The transceiver is configured to receive a wake-up frame, where the wake-up frame includes a multicast group identifier field and an intra-group indication field, where the multicast group identifier field is used to indicate a multicast group that needs to be woken, and the group indication field Used to indicate a site in the multicast group that needs to wake up;

The processor is configured to determine whether to perform wakeup according to the multicast group identifier field and the in-group indication field.
The station according to claim 19, wherein the processor is specifically configured to: determine that the multicast group identifier is a multicast group identifier to which the site belongs, and determine a site indicated by the indication field in the group When the site is the site, it is determined that the wakeup is performed.
The access point according to claim 18 or the station according to claim 19 or 20, wherein the intra-group indication field includes an intra-group number field, and the intra-group number field is used to indicate that the group is woken up. The total number of sites included in the broadcast group or the sites included in the multicast group.
The access point according to claim 18 or the station according to any one of claims 19 to 21, wherein the intra-group indication field includes an intra-group identification field, and the intra-group identification field is used to indicate A site in the multicast group that needs to wake up.

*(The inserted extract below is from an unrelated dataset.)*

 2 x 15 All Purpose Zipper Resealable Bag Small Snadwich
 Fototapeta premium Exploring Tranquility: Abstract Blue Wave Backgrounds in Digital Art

The access point according to claim 22 or the station of claim 22, wherein

The in-group identification field includes an in-group identification bitmap or an in-group identifier list.
The access point according to claim 18 or the station according to any one of claims 19 to 23, wherein the multicast group identification field is obtained from a multicast group medium access control MAC address. .
The access point according to claim 18 or the station according to any one of claims 19 to 24, wherein the wake-up frame further includes a multicast group number field, and the multicast group number field is used for Indicates the number of multicast groups that need to be woken up.
The access point according to claim 18 or the station according to any one of claims 19 to 25, wherein the wake-up frame further includes a wake-up frame type field, the wake-up frame type field is used to indicate The type of wake-up frame.
A computer readable storage medium for storing a computer program, characterized in that the computer program is for executing an instruction of the wake-up method according to any one of claims 1 to 13.